A new University of Colorado at Boulder study of Jupiter’s moon Europa may help explain the origin of the giant ice domes peppering its surface and the implications for discovering evidence of past or present life forms there.
Assistant Professor Robert Pappalardo and doctoral student Amy Barr previously believed the mysterious domes may be formed by blobs of ice from the interior of the frozen shell that were being pushed upward by thermal upwelling from warmer ice underneath. Europa is believed to harbor an ocean beneath its icy surface.
But the scientists now think the dome creation also requires small amounts of impurities, such as sodium chloride or sulfuric acid. Basically the equivalent of table salt or battery acid, these compounds melt ice at low temperatures, allowing warmer, more pristine blobs of ice to force the icy surface up in places, creating the domes.
“We have been trying for some time to understand how these ice blobs can push up through the frozen shell of Europa, which is likely about 13 miles thick,” said Pappalardo of the astrophysical and planetary sciences department. “Our models now show that a combination of upwelling warm ice in the frozen shell’s interior, combined with small amounts of impurities such as sodium chloride or sulfuric acid, would provide enough of a force to form these domes.”
Europa appears to have strong tidal action as it elliptically orbits Jupiter – strong enough “to squeeze the moon” and heat its interior, said Pappalardo. “Warm ice blobs rise upward through the ice shell toward the colder surface, melting out saltier regions in their path. The less dense blobs can continue rising all the way to the surface to create the observed domes.”
The domes are huge – some more than four miles in diameter and 300 feet high – and are found in clusters on Europa’s surface, said Barr, who did much of the modeling.
“We are excited about our research, because we think it now is possible that any present or past life or even just the chemistry of the ocean may be lifted to the surface, forming these domes. It essentially would be like an elevator ride for microbes.”
Barr likened the upwelling of warmer ice from the inner ice shell to its surface to a pot of boiling spaghetti sauce. “The burner under the pan sends the hottest sauce to the top, creating the bubbles at the surface,” she said. “The trouble is Europa’s icy skin is as cold and as hard as a rock.”
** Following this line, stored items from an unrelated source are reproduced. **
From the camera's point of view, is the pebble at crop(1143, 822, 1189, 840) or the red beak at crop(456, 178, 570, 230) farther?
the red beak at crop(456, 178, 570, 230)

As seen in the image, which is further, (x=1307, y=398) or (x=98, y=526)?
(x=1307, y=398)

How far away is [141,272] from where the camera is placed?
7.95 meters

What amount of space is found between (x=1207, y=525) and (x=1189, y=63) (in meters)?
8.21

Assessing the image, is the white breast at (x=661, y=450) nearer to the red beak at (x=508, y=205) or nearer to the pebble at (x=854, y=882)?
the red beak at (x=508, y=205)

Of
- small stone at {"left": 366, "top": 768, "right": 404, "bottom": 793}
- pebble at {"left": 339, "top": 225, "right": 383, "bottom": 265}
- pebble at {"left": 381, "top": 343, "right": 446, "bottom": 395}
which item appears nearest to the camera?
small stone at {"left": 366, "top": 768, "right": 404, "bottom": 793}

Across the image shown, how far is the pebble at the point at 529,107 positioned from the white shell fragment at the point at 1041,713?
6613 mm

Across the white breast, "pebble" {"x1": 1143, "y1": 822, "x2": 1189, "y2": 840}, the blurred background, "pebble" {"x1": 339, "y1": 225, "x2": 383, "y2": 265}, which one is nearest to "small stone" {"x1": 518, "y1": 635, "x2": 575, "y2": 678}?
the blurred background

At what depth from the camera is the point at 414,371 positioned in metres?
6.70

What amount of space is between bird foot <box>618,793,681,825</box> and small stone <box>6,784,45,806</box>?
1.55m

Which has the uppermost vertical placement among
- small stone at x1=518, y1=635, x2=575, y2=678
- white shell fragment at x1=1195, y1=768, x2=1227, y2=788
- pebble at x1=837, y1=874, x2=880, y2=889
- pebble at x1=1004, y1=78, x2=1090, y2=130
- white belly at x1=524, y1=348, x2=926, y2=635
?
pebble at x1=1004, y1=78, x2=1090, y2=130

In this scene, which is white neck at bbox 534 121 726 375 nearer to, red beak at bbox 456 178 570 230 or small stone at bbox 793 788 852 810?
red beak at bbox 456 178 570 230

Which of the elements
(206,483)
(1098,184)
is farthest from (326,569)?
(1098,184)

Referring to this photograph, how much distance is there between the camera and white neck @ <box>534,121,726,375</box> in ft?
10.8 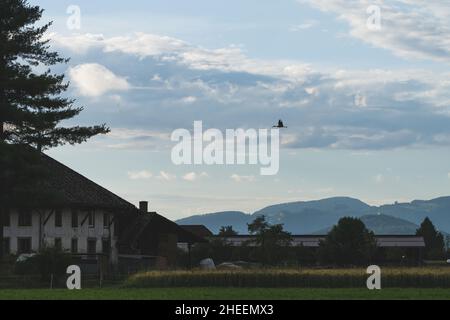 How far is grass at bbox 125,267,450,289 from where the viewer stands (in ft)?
165

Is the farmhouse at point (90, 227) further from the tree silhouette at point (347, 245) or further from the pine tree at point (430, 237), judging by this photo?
the pine tree at point (430, 237)

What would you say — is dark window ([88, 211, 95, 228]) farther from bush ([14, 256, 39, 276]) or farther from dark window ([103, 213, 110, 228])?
bush ([14, 256, 39, 276])

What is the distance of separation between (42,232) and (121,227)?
10911 mm

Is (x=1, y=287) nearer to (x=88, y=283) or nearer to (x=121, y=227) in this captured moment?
(x=88, y=283)

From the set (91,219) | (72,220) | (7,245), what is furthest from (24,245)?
(91,219)

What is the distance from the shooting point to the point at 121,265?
63.2m

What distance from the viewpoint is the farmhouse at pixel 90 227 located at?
262 feet

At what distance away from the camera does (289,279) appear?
5091 centimetres

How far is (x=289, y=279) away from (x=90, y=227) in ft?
123

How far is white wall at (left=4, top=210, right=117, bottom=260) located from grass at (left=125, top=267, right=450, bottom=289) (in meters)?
28.6

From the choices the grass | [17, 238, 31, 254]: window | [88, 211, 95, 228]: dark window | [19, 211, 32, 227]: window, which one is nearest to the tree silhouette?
[88, 211, 95, 228]: dark window

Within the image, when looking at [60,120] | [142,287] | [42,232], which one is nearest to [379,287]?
[142,287]

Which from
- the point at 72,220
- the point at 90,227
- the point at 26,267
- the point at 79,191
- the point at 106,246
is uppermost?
the point at 79,191

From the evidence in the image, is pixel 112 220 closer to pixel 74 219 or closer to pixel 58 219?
pixel 74 219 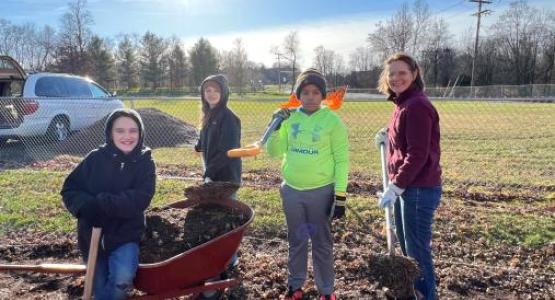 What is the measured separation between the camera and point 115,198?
278 cm

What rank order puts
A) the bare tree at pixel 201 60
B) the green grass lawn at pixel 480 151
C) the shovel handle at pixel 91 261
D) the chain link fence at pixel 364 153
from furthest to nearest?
the bare tree at pixel 201 60, the green grass lawn at pixel 480 151, the chain link fence at pixel 364 153, the shovel handle at pixel 91 261

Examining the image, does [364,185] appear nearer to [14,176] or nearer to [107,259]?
[107,259]

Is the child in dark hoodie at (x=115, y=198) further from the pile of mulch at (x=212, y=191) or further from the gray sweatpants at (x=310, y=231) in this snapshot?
the gray sweatpants at (x=310, y=231)

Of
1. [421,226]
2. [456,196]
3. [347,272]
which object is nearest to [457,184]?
[456,196]

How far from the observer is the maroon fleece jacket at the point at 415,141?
2.86 meters

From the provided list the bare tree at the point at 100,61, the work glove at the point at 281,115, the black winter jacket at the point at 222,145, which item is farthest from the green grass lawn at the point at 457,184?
the bare tree at the point at 100,61

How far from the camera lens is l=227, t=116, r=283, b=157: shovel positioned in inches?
123

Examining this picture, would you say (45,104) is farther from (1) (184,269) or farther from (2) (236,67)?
(2) (236,67)

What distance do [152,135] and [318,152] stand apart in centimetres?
1049

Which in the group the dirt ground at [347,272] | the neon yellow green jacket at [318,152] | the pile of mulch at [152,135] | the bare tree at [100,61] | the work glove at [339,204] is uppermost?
the bare tree at [100,61]

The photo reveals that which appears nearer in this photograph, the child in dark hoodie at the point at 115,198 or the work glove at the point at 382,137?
the child in dark hoodie at the point at 115,198

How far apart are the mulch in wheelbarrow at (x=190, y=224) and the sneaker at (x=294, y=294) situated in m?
0.68

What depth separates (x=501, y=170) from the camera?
28.1ft

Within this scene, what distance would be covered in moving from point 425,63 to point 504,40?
12.0 m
The idea that either small amounts of salt or sulfuric acid might help to create Europa’s domes was Pappalardo’s, who knew about similar domes on Earth that form in clumps in arid regions. On Earth, it is salt that is buoyant enough to move up through cracks and fissures in rock formations to form dome clusters at the surface.
“In addition, infrared and color images taken of Europa by NASA’s Galileo spacecraft seem to indicate some of the ice on the surface of these domes is contaminated. Impurities seen at the surface are clues to the internal composition of the Jovian moon, telling of a salty ice shell,” he said.
“The surface of Europa is constantly being blasted by radiation from Jupiter, which likely precludes any life on the moon’s surface,” said Barr. “But a spacecraft might be able to detect signs of microbes just under the surface.”
Both Pappalardo and Barr also are affiliated with CU-Boulder’s Laboratory for Atmospheric and Space Physics. The project was funded by NASA’s Exobiology Program and Graduate Student Research Program.
Pappalardo recently served on a National Research Council panel that reaffirmed a spacecraft should be launched in the coming decade with the goal of orbiting Europa. He currently is part of a NASA team developing goals for the Jupiter Icy Moons Orbiter mission.
The scientific objectives of the mission probably will include confirming the presence of an ocean at Europa, remotely measuring the composition of the surface and scouting out potential landing sites for a follow-on lander mission.